Organisations that prioritise the wellbeing of their employees have better business outcomes, lower absenteeism and presenteeism, and fewer injuries. They experience higher productivity and customer satisfaction – as well as fulfilling ethical and legal duties to look after their people. Policies, procedures, leadership, organisational culture and work environment are areas of the business that impact on one’s wellbeing. When managed poorly, these can also become psychosocial hazards at work.

To build a safe and healthy organisation, a strategic and systematic approach to wellbeing is required. For that, organisations are turning towards specialised workplace wellbeing providers who offer high impact and evidence-based solutions and help mitigate psychosocial risks.  

How do you know which workplace wellbeing providers are reliable? What should you look for when choosing a wellbeing partner?

1. Evidence-based practices.

You want to work with a wellbeing provider that grounds their practice in robust and rigorous research. That means they use pioneering and contemporary research findings and are grounded in best-practice frameworks to inform their processes – leading to lasting organisational and individual behaviour change.

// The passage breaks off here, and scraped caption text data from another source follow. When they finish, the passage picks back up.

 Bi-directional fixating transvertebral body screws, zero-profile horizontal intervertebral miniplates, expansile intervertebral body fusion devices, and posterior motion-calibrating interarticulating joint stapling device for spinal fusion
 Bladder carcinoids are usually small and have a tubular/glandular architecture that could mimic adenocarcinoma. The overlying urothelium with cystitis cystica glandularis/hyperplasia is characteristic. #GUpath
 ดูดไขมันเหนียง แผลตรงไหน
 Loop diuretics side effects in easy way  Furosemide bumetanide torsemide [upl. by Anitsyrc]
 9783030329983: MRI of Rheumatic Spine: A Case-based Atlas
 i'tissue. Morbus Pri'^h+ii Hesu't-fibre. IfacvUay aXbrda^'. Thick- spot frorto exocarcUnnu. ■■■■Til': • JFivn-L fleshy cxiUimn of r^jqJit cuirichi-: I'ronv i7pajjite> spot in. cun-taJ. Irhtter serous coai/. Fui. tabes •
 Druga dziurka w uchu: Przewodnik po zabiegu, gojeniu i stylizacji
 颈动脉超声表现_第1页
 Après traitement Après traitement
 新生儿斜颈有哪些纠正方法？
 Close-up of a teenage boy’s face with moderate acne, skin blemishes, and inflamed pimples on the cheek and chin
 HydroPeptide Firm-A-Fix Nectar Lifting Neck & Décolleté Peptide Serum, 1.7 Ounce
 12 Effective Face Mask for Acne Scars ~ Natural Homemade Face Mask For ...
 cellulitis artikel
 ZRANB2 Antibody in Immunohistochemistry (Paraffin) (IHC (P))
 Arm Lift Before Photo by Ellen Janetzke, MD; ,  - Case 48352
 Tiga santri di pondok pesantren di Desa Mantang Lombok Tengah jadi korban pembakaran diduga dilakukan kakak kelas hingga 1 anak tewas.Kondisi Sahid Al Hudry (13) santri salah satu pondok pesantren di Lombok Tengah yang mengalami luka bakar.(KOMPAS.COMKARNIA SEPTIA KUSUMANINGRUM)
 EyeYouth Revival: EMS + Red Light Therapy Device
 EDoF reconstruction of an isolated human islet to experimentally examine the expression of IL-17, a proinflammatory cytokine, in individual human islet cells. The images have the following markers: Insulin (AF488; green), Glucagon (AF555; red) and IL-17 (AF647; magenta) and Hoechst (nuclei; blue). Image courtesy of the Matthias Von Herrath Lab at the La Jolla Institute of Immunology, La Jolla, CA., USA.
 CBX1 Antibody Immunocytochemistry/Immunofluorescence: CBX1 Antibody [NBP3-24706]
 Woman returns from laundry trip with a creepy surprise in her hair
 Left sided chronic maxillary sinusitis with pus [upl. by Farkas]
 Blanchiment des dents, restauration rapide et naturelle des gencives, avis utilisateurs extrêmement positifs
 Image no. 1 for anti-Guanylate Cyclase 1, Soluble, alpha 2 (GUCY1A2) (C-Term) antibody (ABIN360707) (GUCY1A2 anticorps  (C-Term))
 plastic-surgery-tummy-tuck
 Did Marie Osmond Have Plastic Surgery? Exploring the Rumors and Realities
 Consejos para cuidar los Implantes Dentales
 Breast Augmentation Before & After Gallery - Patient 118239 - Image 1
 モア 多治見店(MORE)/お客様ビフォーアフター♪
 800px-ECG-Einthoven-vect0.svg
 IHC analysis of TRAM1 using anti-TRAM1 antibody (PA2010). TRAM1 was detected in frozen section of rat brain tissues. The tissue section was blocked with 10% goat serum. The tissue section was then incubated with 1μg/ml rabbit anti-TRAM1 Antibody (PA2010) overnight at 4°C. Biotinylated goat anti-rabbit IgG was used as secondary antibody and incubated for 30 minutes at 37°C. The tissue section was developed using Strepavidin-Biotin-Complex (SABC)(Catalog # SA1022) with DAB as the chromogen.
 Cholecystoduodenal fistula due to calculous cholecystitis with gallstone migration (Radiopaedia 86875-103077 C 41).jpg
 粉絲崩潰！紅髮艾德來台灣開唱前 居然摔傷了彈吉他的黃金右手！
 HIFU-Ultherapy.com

What should you look for? Be wary of wellbeing providers that hide behind a promise of being “evidence-based” without any ongoing commitment to scientific rigour. A sound evidence-based provider will be able to show evidence of their process for continuous improvement, team development and up-skilling, and will be able to back up their service offerings with clear research-backed rationale. They will have a sound, evidence-based understanding of specific challenges facing your organisation and will tailor their approach accordingly.

Be sure to ask what frameworks they use in their approach. The best practice is to lean towards and be informed by international ISO 45003 standards and government Health and Safety guidelines.

2. Credibility and experience.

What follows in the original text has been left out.